To mitigate the risk and extent of data loss, one of the DBA's most important tasks is database backup and planning for recovery. You need to develop a backup plan that will minimize the data loss and is able to be implemented within the maintenance time window allowed. You need to choose the best SQL Server backup capabilities that will achieve the preferred backup plan that meets the business continuity and data loss requirements. Also, you must set up the backup procedure and monitor it every day to ensure that it is working successfully. You must validate that the database backup will restore properly. An organization may be current with their backups and may think that they have the backups to restore their database, only to find that the database was corrupted and some of the recent database backups will not restore. Cases like these can go undiscovered for months until someone needs to restore a database and finds out that it is not recoverable. To reduce this risk, you should run the database-consistency checks against each database and design a process to test the recoverability of the database backup. Additionally, the database backups should be sent offsite to protect them in case of a local disaster, but keep local copies of recent backups, if you need to perform a quick restore. Another critical task is disaster recovery planning. If the organization data center were to be completely destroyed, you should be able to quickly deploy a new data center with minimum data loss and minimum business disruptions. Disaster recovery planning is not complete until a team periodically simulates a data center failure and proceeds through the test drill to deploy a new data center.

Recovery Requirements

Any backup planning should start with the end goal in mind: the recoverability requirements. Categorize each database server and database with respect to the recovery requirements. Some database servers are mission critical; they keep the business activity going, and when they are down the business will incur a financial loss. Other servers may have decision support or reporting functions that are less critical. Before you can begin to plan, you have to know what items the plan should include.

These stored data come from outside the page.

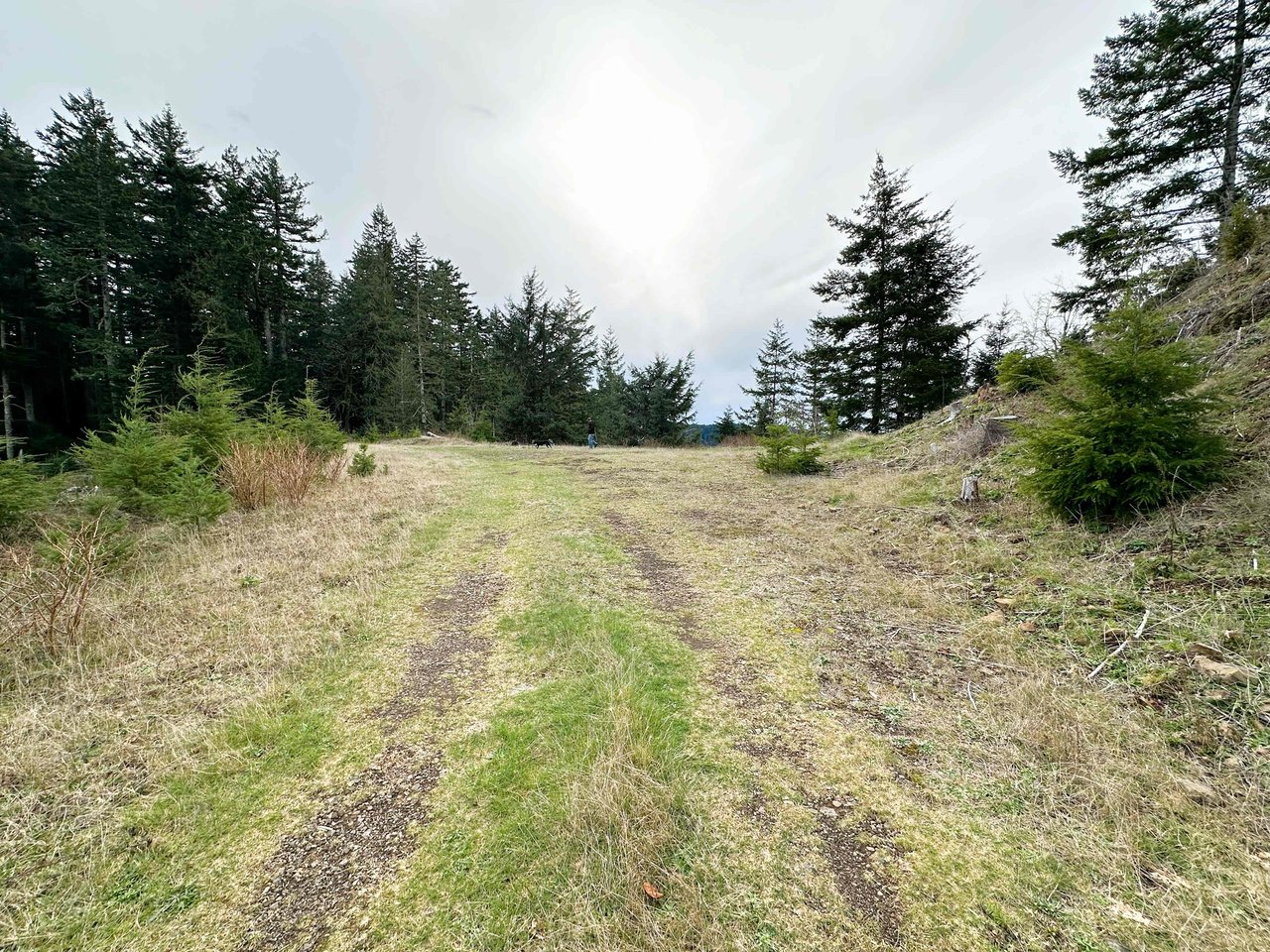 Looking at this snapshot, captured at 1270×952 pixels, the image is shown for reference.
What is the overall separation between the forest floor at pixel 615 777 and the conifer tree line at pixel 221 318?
21152 mm

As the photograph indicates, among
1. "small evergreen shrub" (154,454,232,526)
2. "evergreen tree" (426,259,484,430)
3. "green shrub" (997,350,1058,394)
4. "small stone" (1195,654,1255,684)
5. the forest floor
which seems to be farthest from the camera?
"evergreen tree" (426,259,484,430)

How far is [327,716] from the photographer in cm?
282

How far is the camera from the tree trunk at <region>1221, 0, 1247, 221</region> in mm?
10672

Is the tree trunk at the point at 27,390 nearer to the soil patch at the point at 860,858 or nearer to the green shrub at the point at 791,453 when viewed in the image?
the green shrub at the point at 791,453

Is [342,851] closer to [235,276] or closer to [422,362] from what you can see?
[422,362]

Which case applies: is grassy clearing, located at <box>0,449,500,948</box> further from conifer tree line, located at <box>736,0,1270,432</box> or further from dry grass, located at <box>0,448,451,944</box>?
conifer tree line, located at <box>736,0,1270,432</box>

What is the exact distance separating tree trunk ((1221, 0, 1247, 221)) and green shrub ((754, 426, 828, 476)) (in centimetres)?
1121

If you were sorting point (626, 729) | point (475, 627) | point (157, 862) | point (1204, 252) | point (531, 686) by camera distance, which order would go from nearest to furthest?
point (157, 862)
point (626, 729)
point (531, 686)
point (475, 627)
point (1204, 252)

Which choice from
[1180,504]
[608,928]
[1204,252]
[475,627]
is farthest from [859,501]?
[1204,252]

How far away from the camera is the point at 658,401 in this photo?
33.1 meters

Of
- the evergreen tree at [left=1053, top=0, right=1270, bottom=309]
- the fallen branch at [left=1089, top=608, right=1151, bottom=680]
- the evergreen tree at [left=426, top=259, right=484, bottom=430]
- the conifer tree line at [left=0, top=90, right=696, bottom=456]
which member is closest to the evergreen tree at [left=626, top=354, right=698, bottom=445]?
the conifer tree line at [left=0, top=90, right=696, bottom=456]

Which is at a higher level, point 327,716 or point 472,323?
point 472,323

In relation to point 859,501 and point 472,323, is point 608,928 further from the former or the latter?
point 472,323

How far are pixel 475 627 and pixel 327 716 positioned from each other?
123 cm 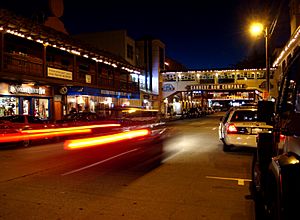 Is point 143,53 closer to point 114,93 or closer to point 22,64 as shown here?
point 114,93

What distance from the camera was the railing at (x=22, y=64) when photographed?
2181cm

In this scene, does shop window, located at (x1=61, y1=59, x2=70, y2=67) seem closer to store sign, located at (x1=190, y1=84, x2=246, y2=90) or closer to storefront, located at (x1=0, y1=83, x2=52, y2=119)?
storefront, located at (x1=0, y1=83, x2=52, y2=119)

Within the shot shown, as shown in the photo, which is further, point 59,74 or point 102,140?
point 59,74

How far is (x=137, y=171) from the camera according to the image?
31.3 feet

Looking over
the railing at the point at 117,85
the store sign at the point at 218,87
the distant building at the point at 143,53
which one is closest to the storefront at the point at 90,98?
the railing at the point at 117,85

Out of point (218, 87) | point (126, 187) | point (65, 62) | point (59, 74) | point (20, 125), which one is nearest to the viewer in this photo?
point (126, 187)

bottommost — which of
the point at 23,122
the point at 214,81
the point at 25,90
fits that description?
the point at 23,122

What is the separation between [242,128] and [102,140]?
5811 millimetres

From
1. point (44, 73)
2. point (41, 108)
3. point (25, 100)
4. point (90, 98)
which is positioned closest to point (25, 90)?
point (25, 100)

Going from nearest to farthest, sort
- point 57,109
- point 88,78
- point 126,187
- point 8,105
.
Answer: point 126,187 → point 8,105 → point 57,109 → point 88,78

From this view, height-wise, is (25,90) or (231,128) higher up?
(25,90)

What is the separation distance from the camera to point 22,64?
2316cm

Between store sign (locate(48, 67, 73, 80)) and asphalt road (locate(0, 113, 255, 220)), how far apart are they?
13597mm

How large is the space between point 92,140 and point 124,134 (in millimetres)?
2689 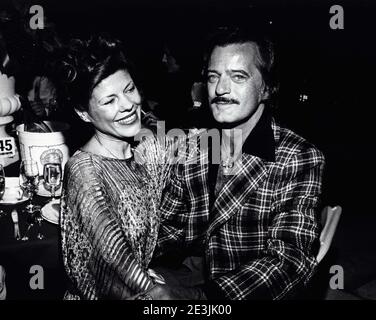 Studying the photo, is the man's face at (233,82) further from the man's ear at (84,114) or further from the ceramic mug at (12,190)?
the ceramic mug at (12,190)

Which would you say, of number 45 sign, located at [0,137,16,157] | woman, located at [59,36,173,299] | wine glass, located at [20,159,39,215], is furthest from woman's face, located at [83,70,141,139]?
number 45 sign, located at [0,137,16,157]

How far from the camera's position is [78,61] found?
5.75ft

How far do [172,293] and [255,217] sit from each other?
1.95 feet

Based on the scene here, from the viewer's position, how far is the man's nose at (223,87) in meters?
1.94

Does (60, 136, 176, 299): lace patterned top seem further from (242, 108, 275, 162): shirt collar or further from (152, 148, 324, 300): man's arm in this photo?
(242, 108, 275, 162): shirt collar

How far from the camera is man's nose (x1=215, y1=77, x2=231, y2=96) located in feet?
6.36

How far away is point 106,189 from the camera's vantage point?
5.72 ft

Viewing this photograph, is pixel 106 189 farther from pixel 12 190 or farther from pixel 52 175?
pixel 12 190

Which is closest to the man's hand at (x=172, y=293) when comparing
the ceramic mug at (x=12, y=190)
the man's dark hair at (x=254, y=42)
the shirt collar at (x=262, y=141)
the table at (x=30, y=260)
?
the table at (x=30, y=260)

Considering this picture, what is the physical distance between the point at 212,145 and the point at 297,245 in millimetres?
802

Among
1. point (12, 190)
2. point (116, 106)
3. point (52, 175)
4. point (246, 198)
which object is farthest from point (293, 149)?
point (12, 190) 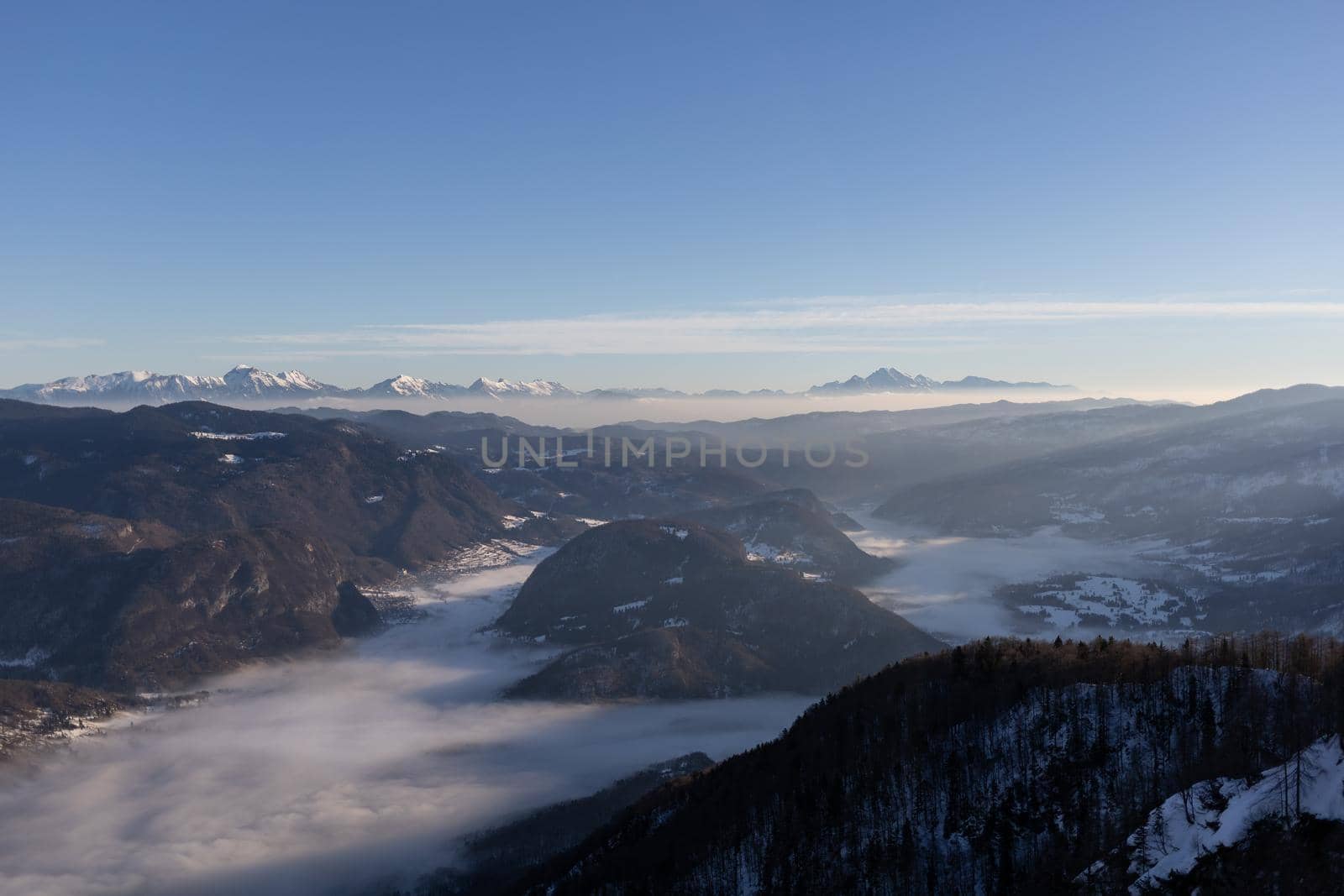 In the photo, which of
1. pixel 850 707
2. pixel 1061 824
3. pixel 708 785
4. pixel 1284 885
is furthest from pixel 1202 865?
pixel 708 785

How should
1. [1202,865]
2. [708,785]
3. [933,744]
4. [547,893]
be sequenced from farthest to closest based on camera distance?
[708,785]
[547,893]
[933,744]
[1202,865]

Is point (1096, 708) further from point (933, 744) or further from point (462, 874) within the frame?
point (462, 874)

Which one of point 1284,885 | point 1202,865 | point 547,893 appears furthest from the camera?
point 547,893

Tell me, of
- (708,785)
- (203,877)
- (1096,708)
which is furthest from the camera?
(203,877)

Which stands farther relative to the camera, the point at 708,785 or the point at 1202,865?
the point at 708,785

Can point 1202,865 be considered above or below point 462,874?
above

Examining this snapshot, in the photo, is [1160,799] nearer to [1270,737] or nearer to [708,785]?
[1270,737]

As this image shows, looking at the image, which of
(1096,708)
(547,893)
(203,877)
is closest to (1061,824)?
(1096,708)

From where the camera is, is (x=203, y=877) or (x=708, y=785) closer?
(x=708, y=785)

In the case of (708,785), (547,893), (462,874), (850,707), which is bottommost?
(462,874) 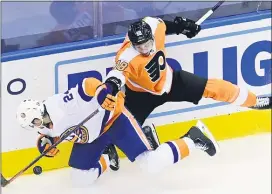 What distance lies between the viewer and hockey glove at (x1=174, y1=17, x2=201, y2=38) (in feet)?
11.4

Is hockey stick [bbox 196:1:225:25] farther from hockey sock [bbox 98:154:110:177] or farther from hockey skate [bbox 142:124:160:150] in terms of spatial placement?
hockey sock [bbox 98:154:110:177]

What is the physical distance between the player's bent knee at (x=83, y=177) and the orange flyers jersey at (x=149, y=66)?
39 cm

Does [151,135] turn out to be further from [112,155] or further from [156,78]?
[156,78]

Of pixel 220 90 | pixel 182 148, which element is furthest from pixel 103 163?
pixel 220 90

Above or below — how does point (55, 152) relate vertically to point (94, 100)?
below

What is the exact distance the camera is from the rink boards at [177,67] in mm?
3502

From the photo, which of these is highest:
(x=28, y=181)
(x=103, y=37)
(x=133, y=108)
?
(x=103, y=37)

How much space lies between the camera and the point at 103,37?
361 centimetres

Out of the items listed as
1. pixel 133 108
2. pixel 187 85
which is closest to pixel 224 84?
pixel 187 85

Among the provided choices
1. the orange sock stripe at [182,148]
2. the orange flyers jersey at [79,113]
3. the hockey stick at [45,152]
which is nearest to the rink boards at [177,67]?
the hockey stick at [45,152]

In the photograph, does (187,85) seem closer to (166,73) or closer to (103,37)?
(166,73)

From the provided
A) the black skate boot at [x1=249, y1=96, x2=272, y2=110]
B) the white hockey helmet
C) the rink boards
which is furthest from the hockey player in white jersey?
the black skate boot at [x1=249, y1=96, x2=272, y2=110]

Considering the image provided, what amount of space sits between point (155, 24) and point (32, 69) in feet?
1.80

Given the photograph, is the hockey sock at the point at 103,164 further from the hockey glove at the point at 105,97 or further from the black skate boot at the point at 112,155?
the hockey glove at the point at 105,97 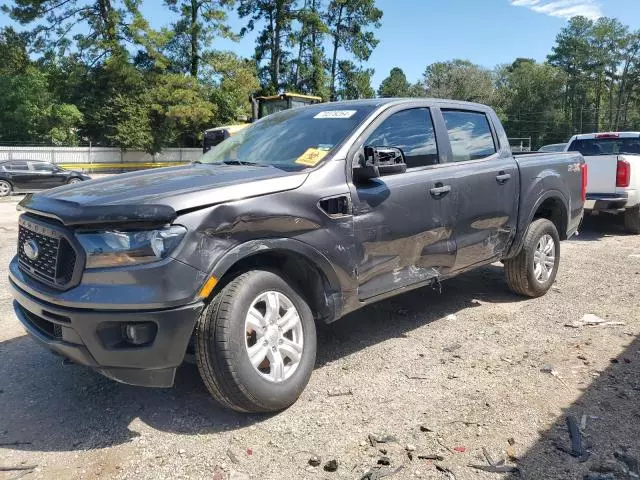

Determine the availability requirements for each database. How critical is it to maintain the business daily activity, and what is the financial loss if this database is not available? Can the business continue to operate if the database is down, and how long can the business afford to have it down? Also, what part of the database must be online? You can consider a piecemeal restore to reduce your restore time, especially on larger databases where the restore can take a long time. Determine what parts of the database must be available, and arrange the data into filegroups so that you can recover the most critical filegroups first. Archived data or reporting data is less critical and can be recovered last.

For each database, consider the financial loss during downtime that the business will incur, as that may determine the database recovery priority. Additionally, the organization may allocate newer, redundant hardware and RAID array with a high-availability solution to mitigate downtime. The organization may also consider faster and more backup devices to quickly restore the database.

When you ask how much data the organization can afford to lose, oftentimes, the answer is none. Zero data loss can be achieved but at a very high cost in hardware, infrastructure, and processes that would need to be implemented. It is more feasible to identify which data-loss scenarios to protect from and plan for those risks. There may be scenarios that are less likely to happen and some data-loss risk may be acceptable, as protecting from every possible event will drive up the total cost of ownership. Furthermore, identify the databases that are most critical to reduce data loss and plan the processes around those databases.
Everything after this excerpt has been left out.